- PROBLEM REQUIREMENTS -
Your answer should hold the data exactly as given, minus any picture.

- PROVIDED INFORMATION -
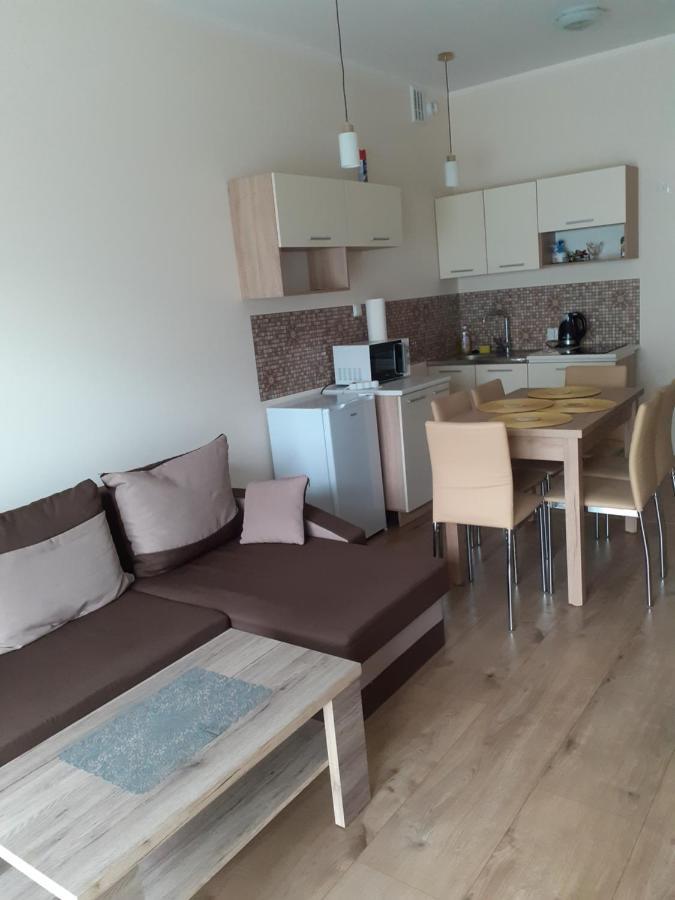 Apartament Perla Baltyku Гжибово Екстер'єр фото
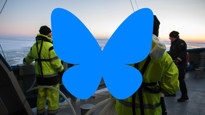 BlueSky logo.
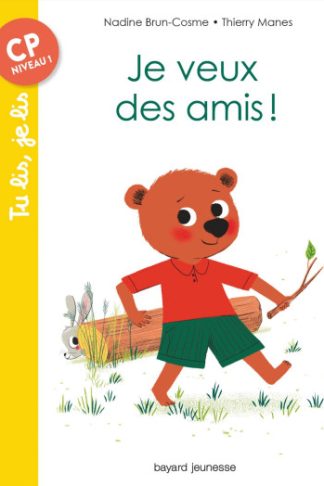 JE VEUX DES AMIS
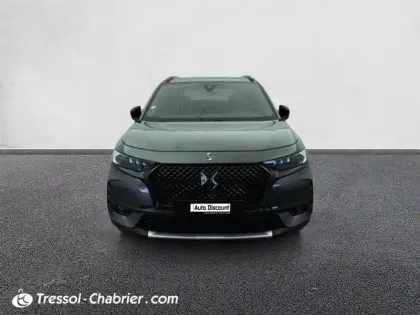 Photo 8 DS DS 7 DS7 Crossback Hybride E-Tense 300 EAT8 4x4 Louvre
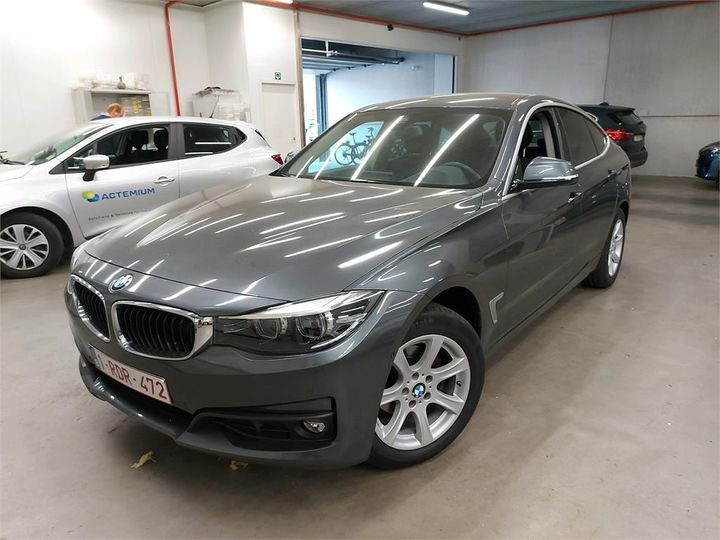 Photo 1 VIN: WBA8T11010BA26383 - BMW 3 GRAN TURISMO 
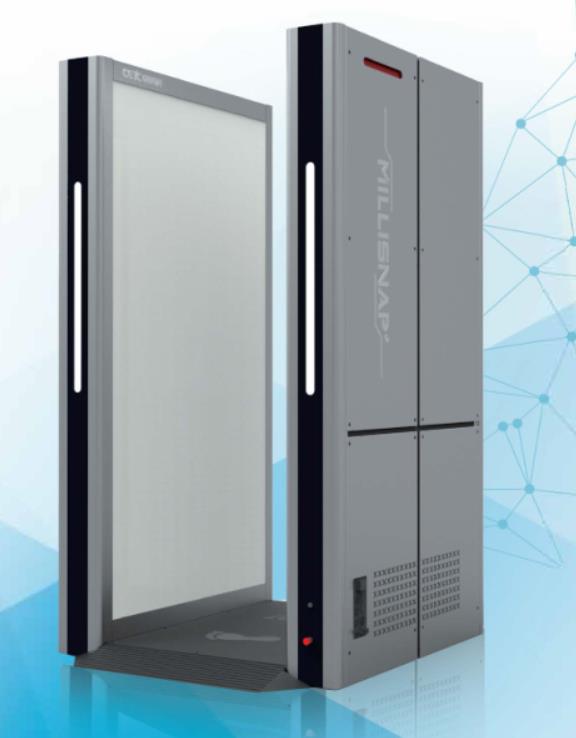 BVE-MW002 Millimeter Wave Body Scanner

- WRITTEN ANSWER -
 Apartament Perla Baltyku Гжибово Екстер'єр фото
 BlueSky logo.
 JE VEUX DES AMIS
 Photo 8 DS DS 7 DS7 Crossback Hybride E-Tense 300 EAT8 4x4 Louvre
 Photo 1 VIN: WBA8T11010BA26383 - BMW 3 GRAN TURISMO 
 BVE-MW002 Millimeter Wave Body Scanner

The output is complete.